Il saluto romano è reato solo quando c’è un pericolo di ordine pubblico, dice il pg della Cassazione
Il saluto romano è apologia del fascismo solo nel momento in cui pone un rischio per l'ordine pubblico. Ad affermarlo è il procuratore generale della Corte di Cassazione, Pietro Gaeta. "Il saluto fascista rientra nel perimetro punitivo della "legge Mancino" quando realizza un pericolo concreto per l'ordine pubblico", ha scandito davanti alle Sezioni Unite, chiamate ad esprimere un parere sui ricorsi presentati da alcuni attivisti di estrema destra, che diversi anni fa avevano fatto il saluto romano nel corso di una commemorazione a Milano, ed erano stati per questo imputati.

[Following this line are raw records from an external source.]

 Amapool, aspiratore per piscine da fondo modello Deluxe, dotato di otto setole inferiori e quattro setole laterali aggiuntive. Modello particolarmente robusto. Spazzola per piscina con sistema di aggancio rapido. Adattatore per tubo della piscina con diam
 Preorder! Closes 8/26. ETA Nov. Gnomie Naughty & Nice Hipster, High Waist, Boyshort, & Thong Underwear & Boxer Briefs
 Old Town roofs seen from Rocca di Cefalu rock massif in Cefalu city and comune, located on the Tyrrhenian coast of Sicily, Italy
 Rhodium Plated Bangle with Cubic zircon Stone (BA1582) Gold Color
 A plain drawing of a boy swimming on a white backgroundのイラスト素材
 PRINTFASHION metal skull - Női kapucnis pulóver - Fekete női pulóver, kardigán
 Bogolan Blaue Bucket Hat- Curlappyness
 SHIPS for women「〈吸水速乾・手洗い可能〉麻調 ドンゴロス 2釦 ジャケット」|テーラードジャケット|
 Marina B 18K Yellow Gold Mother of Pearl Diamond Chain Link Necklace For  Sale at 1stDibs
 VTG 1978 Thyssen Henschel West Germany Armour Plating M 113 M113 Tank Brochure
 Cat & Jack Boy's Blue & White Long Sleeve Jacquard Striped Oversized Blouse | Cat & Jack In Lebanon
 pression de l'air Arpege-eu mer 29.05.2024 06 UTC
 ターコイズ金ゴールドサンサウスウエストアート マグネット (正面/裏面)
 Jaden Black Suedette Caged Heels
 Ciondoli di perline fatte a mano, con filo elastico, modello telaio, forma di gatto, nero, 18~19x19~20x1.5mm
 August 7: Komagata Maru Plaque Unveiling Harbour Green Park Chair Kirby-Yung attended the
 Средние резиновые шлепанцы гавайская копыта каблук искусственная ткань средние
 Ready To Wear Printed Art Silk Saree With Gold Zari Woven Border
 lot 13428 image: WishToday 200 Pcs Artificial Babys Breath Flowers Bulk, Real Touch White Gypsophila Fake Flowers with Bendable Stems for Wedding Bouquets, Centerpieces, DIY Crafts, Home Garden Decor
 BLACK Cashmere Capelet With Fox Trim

Gaeta si è espresso anche sui fatti dello scorso 7 gennaio, precisando che "Acca Larentia con 5 mila persone è una cosa diversa di quattro nostalgici che si vedono davanti ad una lapide di un cimitero di provincia ed uno di loro alza il braccio". Il pg ha poi ribadito: "Bisogna distinguere la finalità commemorativa con il potenziale pericolo per l'ordine pubblico. La nostra democrazia giudiziaria è forte e sa distinguere. È ovvio che il saluto fascista sia una offesa alla sensibilità individuale. Diventa reato quando realizza un pericolo concreto per l'ordine pubblico. Non possiamo avere sentenze a macchia di leopardo in cui lo stesso gruppo viene assolto da un tribunale e condannato da un altro".
Il parere delle Sezioni Unite atteso nel prossimo futuro ha proprio l'obiettivo di fare chiarezza su uno dei temi giuridici più complessi. Negli anni sono state emesse diverse sentenze a riguardo, alcune delle quali in contrasto tra loro. In primo luogo le Sezioni Unite dovranno stabilire quale legge vada applicata a seconda del caso, cioè se la legge Scelba o la legge Mancino. E poi si dovrà appunto stabilire se il gesto del saluto romano comporti un pericolo concreto – legato appunto all'ordine pubblico – o meno.
Nel caso specifico in cui è stato fatto ricorso alle Sezioni Unite, gli imputati di estrema desta erano stati assolti in primo grado e condannati poi in appello, proprio in quanto i giudici si erano appellati a leggi diverse: se in primo grado era stata contestata la legge Scelba, che persegue chi cerca di ricostruire il partito fascista, in appello i giudici si erano invece appellati alla legge Mancino.